Provided material
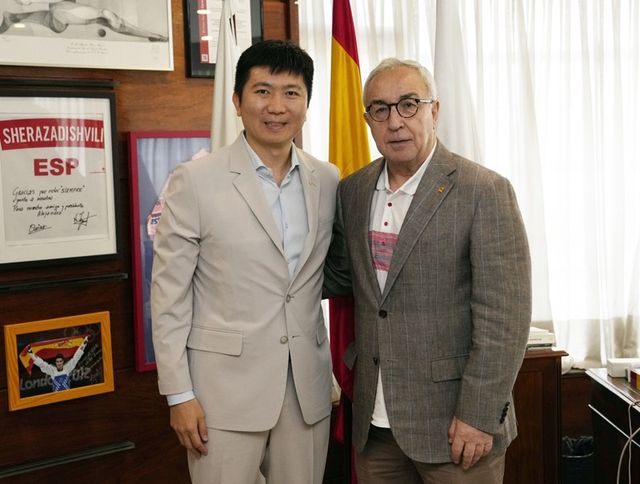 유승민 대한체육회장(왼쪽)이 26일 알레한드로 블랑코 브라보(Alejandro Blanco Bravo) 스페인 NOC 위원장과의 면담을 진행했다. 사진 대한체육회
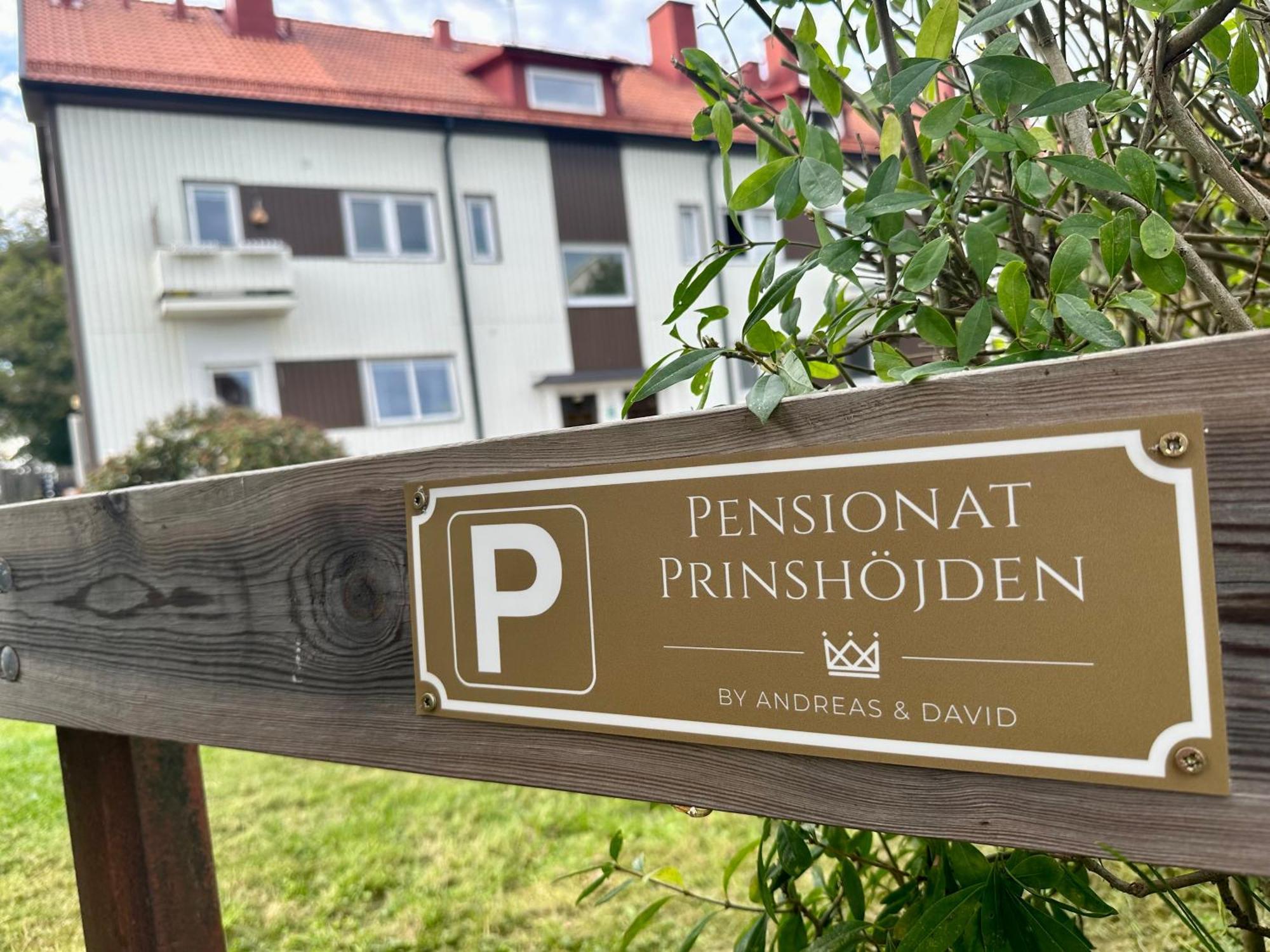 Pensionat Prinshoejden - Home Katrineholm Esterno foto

--

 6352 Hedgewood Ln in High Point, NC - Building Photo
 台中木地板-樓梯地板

Required work
Starting with the line that contains "유승민 대한체육회장(왼쪽)이 26일" and finishing with the line that contains "Pensionat Prinshoejden - Home", reproduce every line of the material above exactly, but not the pictures.

Output of the exercise
 유승민 대한체육회장(왼쪽)이 26일 알레한드로 블랑코 브라보(Alejandro Blanco Bravo) 스페인 NOC 위원장과의 면담을 진행했다. 사진 대한체육회
 Pensionat Prinshoejden - Home Katrineholm Esterno foto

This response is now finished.